The USD rose against the CAD last week, closing 0.1% higher at 1.3201, amid a lack of any major economic news from Canada this week. The USD hit a high of 1.3355 and a low of 1.3144 against the CAD in the previous week. The pair is expected to witness its first support at 1.3111 and second support at 1.3022, while the first resistance is expected at 1.3322 and second resistance at 1.3444. Going ahead, next week’s Q2 GDP numbers as well as August unemployment rate data for Canada, would be of importance to CAD traders.
Last week, the AUD traded 1.97% lower against the USD and closed at 0.7173, amid disappointing Q2 domestic capex data for Australia. Meanwhile, Australia’s construction work done unexpectedly increased in June quarter. The pair traded at a high of 0.7277 and a low of 0.7044 during the previous week. The pair is expected to find its first support at 0.7052 and first resistance at 0.7285. The second support is expected at 0.6932 and second resistance at 0.7398. In the next week, Australia’s Q2 economic growth figures would be keenly awaited by the market players. Additionally, RBA’s interest rate decision, which is widely expected to remain unchanged at 2%, would also grab a lot of attention.
Last week, gold fell 2.34% to close at USD1133.60 per ounce, as the equity markets across the globe rebounded from the recent sharp sell-off and after positive macroeconomic data from the US reduced the safe haven allure of the yellow metal. Last week, the precious metal traded at a high of USD1169.80 per ounce and a low of USD1116.90 per ounce. Gold is expected to its find support at USD1109.80 per ounce, and a fall through could take it to the next support level of USD1086.90 per ounce. The yellow metal is expected to find its first resistance at USD1162.70 per ounce, and a rise through could take it to the next resistance level of USD1192.70 per ounce.

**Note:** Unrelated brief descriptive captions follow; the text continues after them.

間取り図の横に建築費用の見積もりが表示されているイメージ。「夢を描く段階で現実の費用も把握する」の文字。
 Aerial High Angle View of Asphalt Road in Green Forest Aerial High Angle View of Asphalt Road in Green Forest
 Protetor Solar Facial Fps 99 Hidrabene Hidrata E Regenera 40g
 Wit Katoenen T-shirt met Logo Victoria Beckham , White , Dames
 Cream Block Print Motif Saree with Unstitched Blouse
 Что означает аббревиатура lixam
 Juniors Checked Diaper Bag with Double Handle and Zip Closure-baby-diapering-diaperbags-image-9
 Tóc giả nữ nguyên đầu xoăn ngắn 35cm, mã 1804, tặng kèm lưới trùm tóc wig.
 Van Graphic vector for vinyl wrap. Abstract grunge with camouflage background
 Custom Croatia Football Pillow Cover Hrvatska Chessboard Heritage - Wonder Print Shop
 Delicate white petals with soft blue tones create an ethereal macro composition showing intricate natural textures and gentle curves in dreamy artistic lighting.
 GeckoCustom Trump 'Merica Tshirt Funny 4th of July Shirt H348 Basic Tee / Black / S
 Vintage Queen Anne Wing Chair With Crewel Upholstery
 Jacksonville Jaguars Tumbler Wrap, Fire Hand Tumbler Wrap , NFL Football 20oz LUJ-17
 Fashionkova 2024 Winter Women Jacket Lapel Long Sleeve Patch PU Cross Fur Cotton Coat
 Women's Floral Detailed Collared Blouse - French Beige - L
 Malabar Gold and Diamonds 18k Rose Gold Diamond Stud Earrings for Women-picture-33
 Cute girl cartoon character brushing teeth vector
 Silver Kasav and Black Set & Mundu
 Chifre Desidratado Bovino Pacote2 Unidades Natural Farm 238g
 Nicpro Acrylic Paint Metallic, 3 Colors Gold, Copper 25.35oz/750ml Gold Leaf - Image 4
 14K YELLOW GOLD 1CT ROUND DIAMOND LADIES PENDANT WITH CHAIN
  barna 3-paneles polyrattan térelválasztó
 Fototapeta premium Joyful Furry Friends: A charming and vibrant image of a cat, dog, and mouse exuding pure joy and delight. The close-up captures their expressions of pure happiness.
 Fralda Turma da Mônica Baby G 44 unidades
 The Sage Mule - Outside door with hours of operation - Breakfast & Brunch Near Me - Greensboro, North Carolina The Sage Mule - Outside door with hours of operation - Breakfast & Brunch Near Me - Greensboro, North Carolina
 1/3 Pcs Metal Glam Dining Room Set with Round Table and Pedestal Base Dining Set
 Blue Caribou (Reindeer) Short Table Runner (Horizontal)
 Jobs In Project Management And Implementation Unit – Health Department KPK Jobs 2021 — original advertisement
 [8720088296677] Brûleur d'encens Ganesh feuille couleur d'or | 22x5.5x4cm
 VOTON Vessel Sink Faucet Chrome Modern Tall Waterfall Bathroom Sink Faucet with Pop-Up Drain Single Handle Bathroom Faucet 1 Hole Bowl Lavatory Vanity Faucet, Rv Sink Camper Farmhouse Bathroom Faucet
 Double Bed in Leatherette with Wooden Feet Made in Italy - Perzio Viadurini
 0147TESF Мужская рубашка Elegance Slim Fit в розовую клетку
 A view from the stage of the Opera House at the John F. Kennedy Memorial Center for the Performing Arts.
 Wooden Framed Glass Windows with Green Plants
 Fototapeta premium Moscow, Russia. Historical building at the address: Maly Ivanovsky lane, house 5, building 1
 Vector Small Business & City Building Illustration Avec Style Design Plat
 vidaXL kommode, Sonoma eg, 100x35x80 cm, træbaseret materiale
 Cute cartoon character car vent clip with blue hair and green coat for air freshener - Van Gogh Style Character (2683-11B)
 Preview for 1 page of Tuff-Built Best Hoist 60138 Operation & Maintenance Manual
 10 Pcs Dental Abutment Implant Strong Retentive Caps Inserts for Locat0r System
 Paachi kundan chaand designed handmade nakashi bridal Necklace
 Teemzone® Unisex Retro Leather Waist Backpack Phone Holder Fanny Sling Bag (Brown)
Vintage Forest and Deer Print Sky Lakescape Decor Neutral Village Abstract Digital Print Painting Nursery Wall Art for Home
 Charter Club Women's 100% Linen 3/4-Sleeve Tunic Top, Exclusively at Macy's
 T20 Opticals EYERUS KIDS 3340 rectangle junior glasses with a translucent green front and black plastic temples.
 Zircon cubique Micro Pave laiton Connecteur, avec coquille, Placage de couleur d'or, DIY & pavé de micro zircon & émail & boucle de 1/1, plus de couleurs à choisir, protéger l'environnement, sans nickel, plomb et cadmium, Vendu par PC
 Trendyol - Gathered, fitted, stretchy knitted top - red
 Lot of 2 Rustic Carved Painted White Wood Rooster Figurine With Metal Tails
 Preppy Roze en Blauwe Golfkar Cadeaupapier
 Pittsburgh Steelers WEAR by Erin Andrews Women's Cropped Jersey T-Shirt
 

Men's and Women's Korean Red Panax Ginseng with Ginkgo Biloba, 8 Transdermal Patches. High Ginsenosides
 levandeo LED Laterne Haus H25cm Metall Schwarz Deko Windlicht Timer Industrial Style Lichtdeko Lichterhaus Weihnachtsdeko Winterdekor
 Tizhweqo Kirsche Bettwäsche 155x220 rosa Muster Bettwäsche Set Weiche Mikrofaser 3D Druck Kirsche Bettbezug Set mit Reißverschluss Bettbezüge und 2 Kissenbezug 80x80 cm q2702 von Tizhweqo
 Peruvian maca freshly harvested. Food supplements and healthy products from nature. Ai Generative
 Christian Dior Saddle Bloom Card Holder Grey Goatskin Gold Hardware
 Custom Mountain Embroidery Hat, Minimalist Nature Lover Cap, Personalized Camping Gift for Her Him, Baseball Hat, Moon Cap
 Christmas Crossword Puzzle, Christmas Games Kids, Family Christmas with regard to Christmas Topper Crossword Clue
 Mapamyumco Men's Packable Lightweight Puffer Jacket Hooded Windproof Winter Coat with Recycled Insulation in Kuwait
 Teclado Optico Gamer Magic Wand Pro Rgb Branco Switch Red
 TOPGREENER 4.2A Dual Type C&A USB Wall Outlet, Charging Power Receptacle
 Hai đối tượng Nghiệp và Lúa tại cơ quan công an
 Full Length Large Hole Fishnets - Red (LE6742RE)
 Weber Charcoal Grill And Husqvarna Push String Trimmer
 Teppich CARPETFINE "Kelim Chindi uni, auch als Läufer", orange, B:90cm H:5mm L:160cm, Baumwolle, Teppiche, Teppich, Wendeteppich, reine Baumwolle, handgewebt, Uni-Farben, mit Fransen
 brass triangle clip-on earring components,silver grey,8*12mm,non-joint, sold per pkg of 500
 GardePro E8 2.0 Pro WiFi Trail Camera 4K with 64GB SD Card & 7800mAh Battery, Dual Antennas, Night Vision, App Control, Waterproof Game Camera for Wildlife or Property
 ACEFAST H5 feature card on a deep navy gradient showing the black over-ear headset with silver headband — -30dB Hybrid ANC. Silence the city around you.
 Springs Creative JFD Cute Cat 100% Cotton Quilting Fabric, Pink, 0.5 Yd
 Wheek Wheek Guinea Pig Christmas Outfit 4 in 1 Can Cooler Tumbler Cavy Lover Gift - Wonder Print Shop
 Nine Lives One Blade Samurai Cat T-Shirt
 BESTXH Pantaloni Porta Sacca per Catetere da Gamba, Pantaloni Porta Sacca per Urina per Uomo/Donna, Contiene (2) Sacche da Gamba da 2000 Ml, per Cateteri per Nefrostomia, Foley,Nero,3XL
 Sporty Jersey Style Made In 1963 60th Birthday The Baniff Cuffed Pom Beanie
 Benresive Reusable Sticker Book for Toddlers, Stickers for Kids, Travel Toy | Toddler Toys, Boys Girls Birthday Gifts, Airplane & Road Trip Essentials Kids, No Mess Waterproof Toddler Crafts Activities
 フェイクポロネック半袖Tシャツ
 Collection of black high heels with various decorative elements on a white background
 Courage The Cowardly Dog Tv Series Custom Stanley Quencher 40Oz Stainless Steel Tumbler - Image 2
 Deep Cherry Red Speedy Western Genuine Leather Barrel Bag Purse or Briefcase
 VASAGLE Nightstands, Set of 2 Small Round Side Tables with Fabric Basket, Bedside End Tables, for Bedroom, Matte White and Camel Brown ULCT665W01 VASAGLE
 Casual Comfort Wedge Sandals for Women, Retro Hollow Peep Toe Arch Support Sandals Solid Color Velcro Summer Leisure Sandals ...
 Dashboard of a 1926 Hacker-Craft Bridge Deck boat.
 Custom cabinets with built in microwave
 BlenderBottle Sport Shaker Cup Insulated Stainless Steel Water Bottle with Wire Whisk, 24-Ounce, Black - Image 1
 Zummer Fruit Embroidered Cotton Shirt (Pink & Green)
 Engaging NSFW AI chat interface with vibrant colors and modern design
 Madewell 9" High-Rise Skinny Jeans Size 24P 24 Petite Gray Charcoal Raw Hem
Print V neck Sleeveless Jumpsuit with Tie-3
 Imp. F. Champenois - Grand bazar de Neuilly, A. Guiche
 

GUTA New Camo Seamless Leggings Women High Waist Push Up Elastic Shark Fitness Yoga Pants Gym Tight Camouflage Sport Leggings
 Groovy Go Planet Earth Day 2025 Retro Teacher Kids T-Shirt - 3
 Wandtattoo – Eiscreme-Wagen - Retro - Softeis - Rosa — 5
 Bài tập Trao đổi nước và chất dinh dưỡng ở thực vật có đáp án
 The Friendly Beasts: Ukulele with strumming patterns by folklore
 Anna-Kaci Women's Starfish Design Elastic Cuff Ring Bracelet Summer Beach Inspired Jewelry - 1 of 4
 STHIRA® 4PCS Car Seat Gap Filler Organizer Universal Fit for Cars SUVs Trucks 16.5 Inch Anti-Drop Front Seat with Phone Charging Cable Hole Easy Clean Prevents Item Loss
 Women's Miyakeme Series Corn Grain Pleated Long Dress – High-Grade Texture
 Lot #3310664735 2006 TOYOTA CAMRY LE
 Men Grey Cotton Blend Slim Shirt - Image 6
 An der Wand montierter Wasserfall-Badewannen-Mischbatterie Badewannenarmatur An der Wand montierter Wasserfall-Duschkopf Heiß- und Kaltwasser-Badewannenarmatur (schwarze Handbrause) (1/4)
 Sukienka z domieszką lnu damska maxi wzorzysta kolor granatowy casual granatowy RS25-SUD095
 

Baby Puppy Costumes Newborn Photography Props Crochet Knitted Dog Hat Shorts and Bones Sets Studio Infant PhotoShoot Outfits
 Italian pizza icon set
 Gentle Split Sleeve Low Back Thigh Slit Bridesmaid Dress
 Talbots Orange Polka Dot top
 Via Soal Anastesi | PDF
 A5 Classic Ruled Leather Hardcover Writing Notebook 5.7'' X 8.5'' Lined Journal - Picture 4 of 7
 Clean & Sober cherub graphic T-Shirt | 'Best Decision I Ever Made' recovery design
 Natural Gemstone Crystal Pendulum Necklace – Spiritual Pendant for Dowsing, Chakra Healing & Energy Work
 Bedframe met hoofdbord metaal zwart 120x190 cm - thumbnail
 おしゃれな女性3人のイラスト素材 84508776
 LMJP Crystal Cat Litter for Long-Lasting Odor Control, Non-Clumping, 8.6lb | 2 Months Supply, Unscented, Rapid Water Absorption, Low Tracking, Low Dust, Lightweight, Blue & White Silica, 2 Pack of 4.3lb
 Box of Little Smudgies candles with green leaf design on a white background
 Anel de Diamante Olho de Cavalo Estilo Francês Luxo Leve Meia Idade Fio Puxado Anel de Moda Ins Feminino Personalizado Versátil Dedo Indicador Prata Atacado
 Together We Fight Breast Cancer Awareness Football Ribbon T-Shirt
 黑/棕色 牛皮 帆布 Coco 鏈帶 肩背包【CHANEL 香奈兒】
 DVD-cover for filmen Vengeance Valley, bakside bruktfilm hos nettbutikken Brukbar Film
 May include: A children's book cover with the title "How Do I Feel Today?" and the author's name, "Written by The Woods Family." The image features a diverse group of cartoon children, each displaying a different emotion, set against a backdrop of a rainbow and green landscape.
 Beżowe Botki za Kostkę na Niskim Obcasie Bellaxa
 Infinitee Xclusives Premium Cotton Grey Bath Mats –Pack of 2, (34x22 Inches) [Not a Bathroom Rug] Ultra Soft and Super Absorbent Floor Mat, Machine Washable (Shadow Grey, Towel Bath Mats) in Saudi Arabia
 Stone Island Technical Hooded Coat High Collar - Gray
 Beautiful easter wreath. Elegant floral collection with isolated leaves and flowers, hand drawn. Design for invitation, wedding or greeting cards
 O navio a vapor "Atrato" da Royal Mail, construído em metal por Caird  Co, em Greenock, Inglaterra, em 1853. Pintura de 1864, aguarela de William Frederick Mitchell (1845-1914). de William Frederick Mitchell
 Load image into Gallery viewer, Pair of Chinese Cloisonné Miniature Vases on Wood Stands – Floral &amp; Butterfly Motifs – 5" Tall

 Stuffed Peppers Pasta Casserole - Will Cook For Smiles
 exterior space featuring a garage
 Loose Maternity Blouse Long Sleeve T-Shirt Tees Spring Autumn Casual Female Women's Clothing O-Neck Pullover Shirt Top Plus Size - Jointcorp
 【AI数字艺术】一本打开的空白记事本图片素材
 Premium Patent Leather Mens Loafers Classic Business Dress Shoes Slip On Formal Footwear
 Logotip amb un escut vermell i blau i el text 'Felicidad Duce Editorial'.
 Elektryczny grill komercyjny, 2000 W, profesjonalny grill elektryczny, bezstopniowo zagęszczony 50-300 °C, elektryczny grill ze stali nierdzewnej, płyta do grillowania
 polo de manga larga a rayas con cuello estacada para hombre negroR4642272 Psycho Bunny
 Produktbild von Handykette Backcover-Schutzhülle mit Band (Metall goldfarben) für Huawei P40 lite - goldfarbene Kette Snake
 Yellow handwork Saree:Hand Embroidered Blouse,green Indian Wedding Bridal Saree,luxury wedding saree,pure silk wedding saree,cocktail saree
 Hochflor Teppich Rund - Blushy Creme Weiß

Crude oil strengthened in the previous week, closing 11.79% higher at USD45.22 per barrel as encouraging US durable goods coupled with higher revised US GDP data raised the global demand outlook of the commodity. In addition, the EIA as well as the API revealed a drop in the US crude oil stockpiles for the past week. The oil prices further improved after Norway’s Oil Minister, Tord Lien, stated that the current price level is “unsustainable” and that there is no reason for the prices to remain “below $55” a barrel. The black metal hit a high of USD45.90 per barrel and a low of USD37.75 per barrel in the previous week. The commodity is expected to find its first support at USD40.04 per barrel and first resistance at USD48.19 per barrel. The second support is expected at USD34.82 per barrel and second resistance at USD51.12 per barrel.